- [What to produce]: When you reach the line containing "Floorplan of 4" in the data below, reproduce it and every line that follows, exactly and without additions.

- [Given data]:

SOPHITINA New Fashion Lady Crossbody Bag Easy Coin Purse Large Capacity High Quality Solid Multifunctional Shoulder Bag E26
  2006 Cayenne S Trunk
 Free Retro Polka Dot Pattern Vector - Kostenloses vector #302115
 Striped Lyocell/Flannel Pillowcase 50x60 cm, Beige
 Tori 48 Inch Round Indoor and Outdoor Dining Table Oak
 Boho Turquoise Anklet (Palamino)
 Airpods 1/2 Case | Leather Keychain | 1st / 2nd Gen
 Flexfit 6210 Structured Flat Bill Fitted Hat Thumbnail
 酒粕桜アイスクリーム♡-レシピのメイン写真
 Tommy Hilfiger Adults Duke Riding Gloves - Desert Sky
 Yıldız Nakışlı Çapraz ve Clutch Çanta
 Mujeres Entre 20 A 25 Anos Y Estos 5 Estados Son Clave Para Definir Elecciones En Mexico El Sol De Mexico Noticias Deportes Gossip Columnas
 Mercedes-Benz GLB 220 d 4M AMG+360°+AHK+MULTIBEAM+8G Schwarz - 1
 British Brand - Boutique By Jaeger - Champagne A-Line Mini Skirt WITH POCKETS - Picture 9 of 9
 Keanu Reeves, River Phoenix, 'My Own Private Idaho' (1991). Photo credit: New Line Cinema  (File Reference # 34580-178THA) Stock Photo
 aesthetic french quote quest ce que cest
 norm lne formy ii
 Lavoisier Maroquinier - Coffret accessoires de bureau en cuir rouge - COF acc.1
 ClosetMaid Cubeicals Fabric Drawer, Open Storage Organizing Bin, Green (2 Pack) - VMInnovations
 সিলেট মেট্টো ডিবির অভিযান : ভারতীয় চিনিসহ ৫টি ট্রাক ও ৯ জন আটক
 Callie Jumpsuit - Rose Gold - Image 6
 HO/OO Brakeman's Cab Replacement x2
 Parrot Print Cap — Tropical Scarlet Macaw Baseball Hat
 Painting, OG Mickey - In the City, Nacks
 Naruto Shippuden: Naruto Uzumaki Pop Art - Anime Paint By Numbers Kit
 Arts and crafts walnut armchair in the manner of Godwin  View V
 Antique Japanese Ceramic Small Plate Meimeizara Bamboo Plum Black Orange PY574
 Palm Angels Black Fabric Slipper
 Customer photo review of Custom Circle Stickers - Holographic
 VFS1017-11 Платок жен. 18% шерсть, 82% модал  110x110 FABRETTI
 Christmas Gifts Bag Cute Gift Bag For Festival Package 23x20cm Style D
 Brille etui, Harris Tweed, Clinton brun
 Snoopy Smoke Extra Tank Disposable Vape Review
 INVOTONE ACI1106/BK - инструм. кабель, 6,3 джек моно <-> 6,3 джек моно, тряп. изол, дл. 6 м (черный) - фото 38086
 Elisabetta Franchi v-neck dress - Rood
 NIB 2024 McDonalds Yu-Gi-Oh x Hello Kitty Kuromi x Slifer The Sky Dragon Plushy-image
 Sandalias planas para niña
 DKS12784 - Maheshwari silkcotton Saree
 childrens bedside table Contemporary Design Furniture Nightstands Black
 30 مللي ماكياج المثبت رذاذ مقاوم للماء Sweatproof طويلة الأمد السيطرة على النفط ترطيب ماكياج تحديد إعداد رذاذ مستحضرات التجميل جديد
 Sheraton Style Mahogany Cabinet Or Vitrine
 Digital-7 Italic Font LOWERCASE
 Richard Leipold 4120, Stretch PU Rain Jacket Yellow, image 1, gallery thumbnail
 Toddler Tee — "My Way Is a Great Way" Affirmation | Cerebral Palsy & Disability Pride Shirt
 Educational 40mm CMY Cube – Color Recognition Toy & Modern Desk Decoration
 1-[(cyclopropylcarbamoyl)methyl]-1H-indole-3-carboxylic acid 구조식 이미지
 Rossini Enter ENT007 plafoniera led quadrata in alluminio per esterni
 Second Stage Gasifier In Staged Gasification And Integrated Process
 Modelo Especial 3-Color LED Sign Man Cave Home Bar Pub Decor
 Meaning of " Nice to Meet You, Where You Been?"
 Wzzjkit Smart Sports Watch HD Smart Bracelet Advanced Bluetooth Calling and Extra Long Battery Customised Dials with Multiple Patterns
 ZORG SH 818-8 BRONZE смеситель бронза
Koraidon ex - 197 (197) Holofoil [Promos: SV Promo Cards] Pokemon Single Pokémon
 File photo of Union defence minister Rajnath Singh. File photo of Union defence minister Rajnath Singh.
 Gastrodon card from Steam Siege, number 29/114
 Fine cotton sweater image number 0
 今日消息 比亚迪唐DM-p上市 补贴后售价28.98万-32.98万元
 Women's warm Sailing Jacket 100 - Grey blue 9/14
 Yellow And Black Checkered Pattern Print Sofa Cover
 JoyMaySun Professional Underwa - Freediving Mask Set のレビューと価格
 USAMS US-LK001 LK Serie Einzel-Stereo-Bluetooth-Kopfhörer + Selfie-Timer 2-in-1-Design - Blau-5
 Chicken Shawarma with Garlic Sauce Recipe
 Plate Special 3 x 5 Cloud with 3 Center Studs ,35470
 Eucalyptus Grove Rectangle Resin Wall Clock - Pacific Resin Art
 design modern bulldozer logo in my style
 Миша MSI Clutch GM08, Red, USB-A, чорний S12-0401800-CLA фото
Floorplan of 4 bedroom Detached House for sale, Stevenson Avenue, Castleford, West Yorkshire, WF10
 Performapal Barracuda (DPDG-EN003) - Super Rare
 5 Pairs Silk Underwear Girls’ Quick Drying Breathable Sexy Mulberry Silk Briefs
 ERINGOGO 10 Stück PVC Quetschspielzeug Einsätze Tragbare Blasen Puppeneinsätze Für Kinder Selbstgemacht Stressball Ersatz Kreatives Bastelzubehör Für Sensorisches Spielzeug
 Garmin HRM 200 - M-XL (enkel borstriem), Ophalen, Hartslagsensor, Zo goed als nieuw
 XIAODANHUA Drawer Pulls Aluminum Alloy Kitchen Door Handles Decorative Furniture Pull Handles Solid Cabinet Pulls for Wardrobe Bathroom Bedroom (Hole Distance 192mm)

- [Worked solution]:
Floorplan of 4 bedroom Detached House for sale, Stevenson Avenue, Castleford, West Yorkshire, WF10
 Performapal Barracuda (DPDG-EN003) - Super Rare
 5 Pairs Silk Underwear Girls’ Quick Drying Breathable Sexy Mulberry Silk Briefs
 ERINGOGO 10 Stück PVC Quetschspielzeug Einsätze Tragbare Blasen Puppeneinsätze Für Kinder Selbstgemacht Stressball Ersatz Kreatives Bastelzubehör Für Sensorisches Spielzeug
 Garmin HRM 200 - M-XL (enkel borstriem), Ophalen, Hartslagsensor, Zo goed als nieuw
 XIAODANHUA Drawer Pulls Aluminum Alloy Kitchen Door Handles Decorative Furniture Pull Handles Solid Cabinet Pulls for Wardrobe Bathroom Bedroom (Hole Distance 192mm)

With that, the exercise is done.